Tag Archives: graph databases

The next big thing, part 3: Taking the relational out of relational databases

Part of an ongoing series.

The relational database is an extremely powerful tool. But sometimes data isn’t very relational, and sometimes transactional, relational, integrity is not as important as it is for, say, a bank. This is one reason why so many sites can get away with mySQL backed by myISAM tables — they’re fine if you’re read-heavy and data integrity is not mission-critical.

Some new projects have sprung up which provide key-value stores or simpler kinds of databases without all the overhead and inflexibility of a relational database.

On the other hand, sometimes data is way more interrelated than a traditional relational database is prepared to handle. Sometimes different kinds of items (i.e. rows) in a database can be related to many other kinds of items in that database, and sometimes end users can create not just new items or new relationships, but new kinds of relationships between items. This type of database is called a graph database, and there are also projects pushing the boundaries of relational in this completely opposite direction.

Pretty much everywhere I interviewed back in February 2008 was either building their own graph database, working on an existing one, or repurposing a relational database (or, in one case, a search backend), to kinda, sorta behave like one. The w3c, not one to be left behind when there’s a specification to be written, is even working on a SQL-inspired query language intended to search them1.

Most applications have some combination of totally un-relational data that can go in a key-value store, some strictly relational data that belongs in a SQL database, and some flexible, highly relational data that belongs in a graph database.

What will happen when these alternative databases start giving traditional relational databases a run for their money? Well, sharding, caching, and normalization all start to sound a lot more complex when the data is in a few different kinds of databases — but then again, maybe optimization won’t be as necessary if a single SQL database isn’t doing all the heavy lifting. Object-relational mappers (and the web frameworks that use them) might need to talk to, and abstract away from, different kinds of databases2.

And the different types of data won’t always be easily separated along table boundaries.

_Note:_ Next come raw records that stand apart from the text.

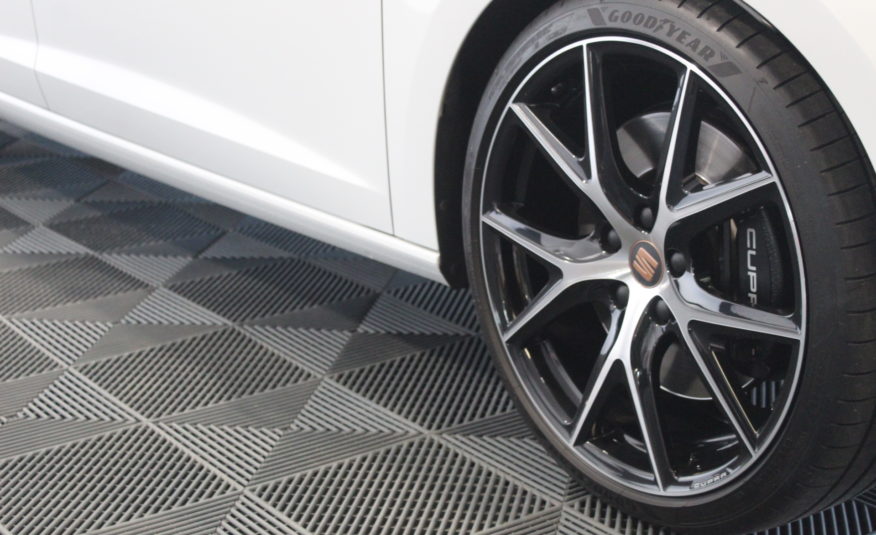 SEAT LEON CUPRA ST 300 DSG 4DRIVE PANO ACC DCC BEATS VIRTUAL CAMERA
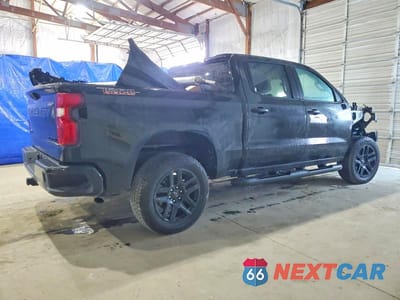 Trzecie zdjęcie samochodu z tyłu: 2024 CHEVROLET SILVERADO K1500 TRAIL BOSS CUSTOM VIN:3GCPDCEK7RG219657 - miniatura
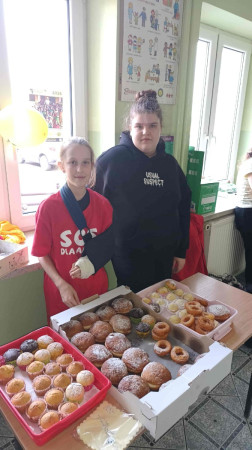 Stoisko z domowymi muffinkami i pączkami prowadzone przez wolontariuszy z Zespołu Szkół w Waganowicach, zdjęcie 5 z 5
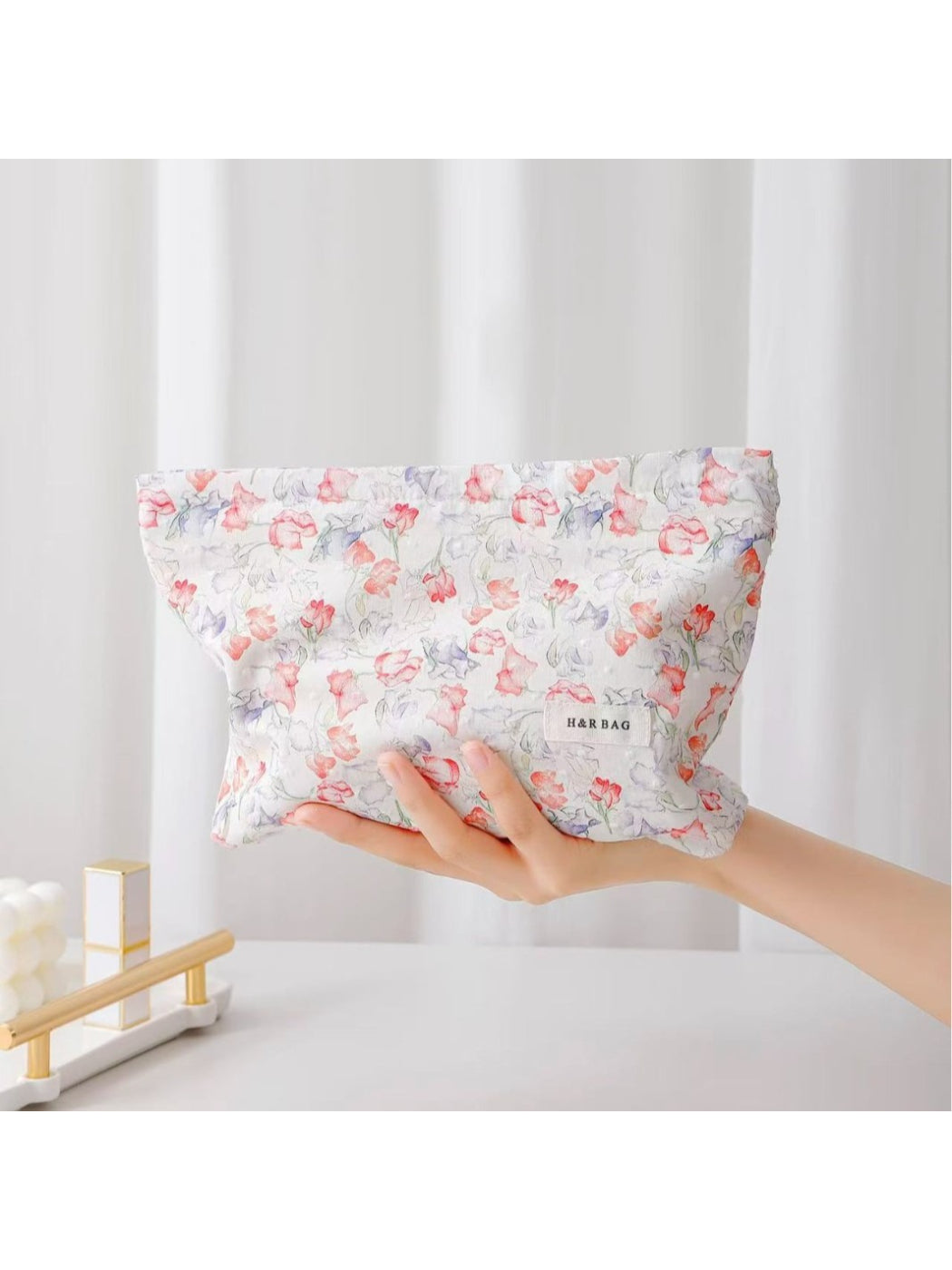 Cosbai - Romantic Floral Cosmetic Bag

Maybe these different types of databases will talk to each other, or maybe they will mature into über-databases that understand lots of different types of data relationships.

But the monolithic, strictly relational, master SQL database is eventually going to go the way of Cobol3.

  1. Of course, if it’s anything like other technologies designed by the w3c, it’s a steaming pile. []
  2. Some can already handle talking to multiple SQL databases, and of course there’s two-phase commit. []
  3. Or Kobol. []